2011 Root Server and HP ProLiant Micro Server
Later I hired a root server and in 2011 I bought my first dedicated HP ProLiant micro server. Up to now, I have three of them. On those machines, processes were directly started with no virtualization.
In 2015, I started my first experiments with Docker and started to migrate my services from the standalone bare metal servers to Docker containers. For this, I built dozens of images.
Constantly Extending Hard Disks
Over time the HP ProLiant server became brothers and sisters, so that I currently have three of them, plus two huge Servers, storing more and more data. Whenever there is no more space on the hard disk, in Linux, you can easily extend it or replace a drive without downtime, only with a single reboot.

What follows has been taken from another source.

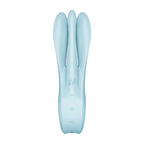 Кліторальний вібратор Satisfyer Threesome 1 Light Blue з трьома гнучкими пальчиками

2017 – 2018 From Kubernetes to Docker Swarm
Then in 2017, Kubernetes came in to my focus. But that’s totally overcomplicated. With Docker Swarm there is a much simpler and much more stable solution available. There’s no need for Kubernetes nor OpenShift, unless you want to loose your time. So in 2018 I’ve setup a Docker Swarm on some cheap PC-Engines mini workers.
But with a swarm solution, there is need for a distributed cluster filesystem, so I came across GlusterFS, which turned out to be a complete disaster. At the beginning, it was very promising, but later, when filled with terrabytes and terrabytes of data, it became slow and very unstable.
So I started a research which pointed me to LizardFS. The Result is much more stable than GlusterFS, but still slow. Other than for GlusterFS, the LizardFS development team was really helpful and assisted me in getting it up relatively fast and stable. But especially the masters tend to require huge amounts of memory. That’s why I bought a large HP and a large Dell server as master and backup master server. The whole LizardFS now holds 90TB of data.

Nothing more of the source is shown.